Six parallel beams of yellow fire erupted from the nose of the Fu fighter as the battery of 20mm cannons opened up. In the time of a heartbeat, nearly a hundred cannon shells were flying towards the Viceroy. Only one thing prevented his instant demise: Buck Rogers was used to the capabilities of the M2 Browning .50 cal heavy MGs installed on his P-40B. The Japanese Ho-5 20mm autocannon was actually a scaled up version of that weapon, but it fired it’s rounds at only 80% of the muzzle velocity of the American machine gun. The slower, heavier shells dropped quicker, leading Buck to aiming the tiniest bit too low, and the first shells impacted a few metres short, tearing apart the floor of the walkway in a spray of debris.
This in itself would not have saved Siwan Khan, because as the plane moved ahead, it’s fire would walk on too, until reaching the Viceroy within a span of time too short for him to jump out of the way. But the Fu fighter was not flying under power, and unbalanced, the savage recoil from the many cannon jerked it’s nose up. Thus the cannonade was much thinned out when it reached the location of the Viceroy. But it did reach him; blood and gore and tatters of yellow silk spattered in all directions, mixing with the flying fragments of the shredded walkway. Siwan was flung brutally sideways as his right leg was cleanly blown off at the knee joint and his abdomen grazed by shell. He was peppered with shell fragments as the projectiles detonated all around him against the structure of the Hotel. A bloody, mangled ruin, he collapsed, screaming and trashing.
Meanwhile Buck had his own problems. The sudden tilt backwards of his plane threw the slowly gliding rocket interceptor into a near immediate stall. Now the Ki-200 was no longer flying, but falling belly first along an almost ballistic curve straight towards the stricken Siwan Khan. That would certainly kill the Viceroy, but Buck was not going to let that happen nonetheless. Feeling as if he was moving in slow motion, he slammed his fist down on the ignition button. Only metres above the ruined walkway and the bloody mess of shattered flesh and bones that had been the Viceroy of America, the rocket engine fired, propelling the falling interceptor up and away, trailing a column of searing white fire.

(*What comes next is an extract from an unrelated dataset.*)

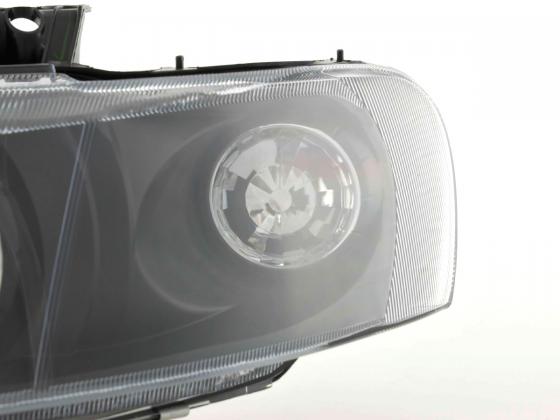 Scheinwerfer Angel Eyes Opel Vectra B Bj: 99-02 schwarz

Siwan Khan presaged what was about to happen and tried to crawl and roll back into his penthouse apartment, away from that fiery death. He only succeeded partially; the rocket exhaust swept over his lower back and legs, burning them to a crisp and igniting his tattered, blood-spattered robes. His animal scream of pain, horror and disbelief echoed through the still working loudspeakers and was audible over a substantial area of downtown San Francisco.
Buck guided his stolen interceptor out over the bay. Now some AA batteries on the beaches opened up, chasing him as he swept under the Golden Gate bridge and out towards the open sea. He checked his radio beacon navigation device and sure enough, there it was. The Rear Admiral was apparently as dependable as he was daring! As soon as he was clear out of AA range, Buck pulled back his stick and began a climb to maximum altitude, which he accomplished in good time before his fuel ran out a few minutes later. It would be a long glide to reach the USS Wasp. He just hoped that that jury-rigged net contraption, connected to the carrier’s arrestor wire, which Rob Mitsui had described, would hold. It was not like Halsey had had time to try it out.